そこで、法務局の遺言書保管制度を利用することをおすすめします。

法務局の遺言書保管制度とは、法務局が遺言書の原本を預かり、画像データとして長期間保管してくれる制度です。

保管制度には、以下のようなメリットがあります。

  • 遺言書の改ざん・紛失を避けられる
  • 家庭裁判所での検認手続きが不要になる
  • 遺言者の死亡後、指定した相続人に遺言書保管の事実を通知できる
  • 保管申請手数料は3,900円のみ

保管申請をおこなう際は、法務局の窓口や電話、専用ホームページで予約が必要です。

利用できる法務局は、遺言者の住所地・本籍地・不動産の所在地のうち、いずれかを管轄する法務局です。

申請時には以下の書類を持参しましょう。

  • 保管申請書
  • 作成済みの遺言書
  • 本人確認書類(運転免許証・マイナンバーカードなど)
  • 住民票の写し

保管後は、遺言書の閲覧や保管の撤回も可能です。

また、相続開始後、相続人や受遺者、遺言執行者は遺言書情報証明書の交付申請や遺言書の閲覧請求をおこなえます。

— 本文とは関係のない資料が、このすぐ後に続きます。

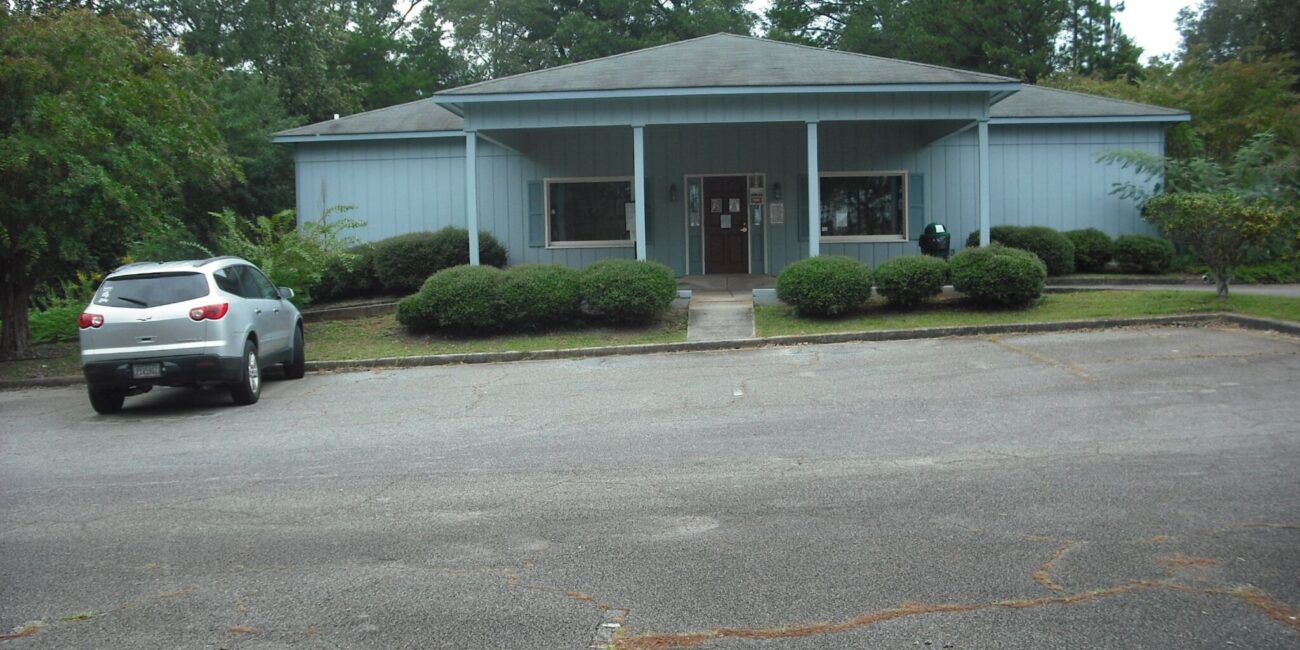 Light blue single-story building with a covered entrance, bushes and trees around, and a silver SUV in an almost empty front lot.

なお、保管制度の詳しい利用方法や注意点については、以下の記事を参考にしてください。

【関連記事】遺言書の保管方法|自筆証書遺言書保管制度の利用方法や注意点を解説

さいごに|自筆証書遺言を作成する際は事前に弁護士に相談しておこう!

自筆証書遺言の基本の書き方について解説しました。

自筆証書遺言は全文を手書きし、日付を正確に記載する、戸籍通りに署名して押印するといった基本ルールを守れば自分ひとりでも作成できます。

ただし、財産の記載方法や遺留分への配慮など、注意すべきポイントがいくつかあります。

特に、法定相続分と異なる内容にする場合や相続人以外の人に財産を渡すときは、財産を多く受け取った人が将来遺留分侵害額請求を受ける可能性があるため、付言事項で理由を説明するのがおすすめです。

自筆証書遺言を自宅で保管すると、紛失や改ざん、相続開始後に発見されないといったリスクもあります。

遺言書を確実に大切な人に残したいなら、法務局の遺言書保管制度を利用するとよいでしょう。

自筆証書遺言を作成するうえで不安がある場合は、事前に弁護士に相談しておくと失敗しにくいです。

弁護士に相談し専門的なアドバイスをもらうことで、形式的なミスによって遺言書が無効になったり相続トラブルのもとになったりすることを防げます。

大切な人のために、確実に想いを伝えられる遺言書を作成しましょう。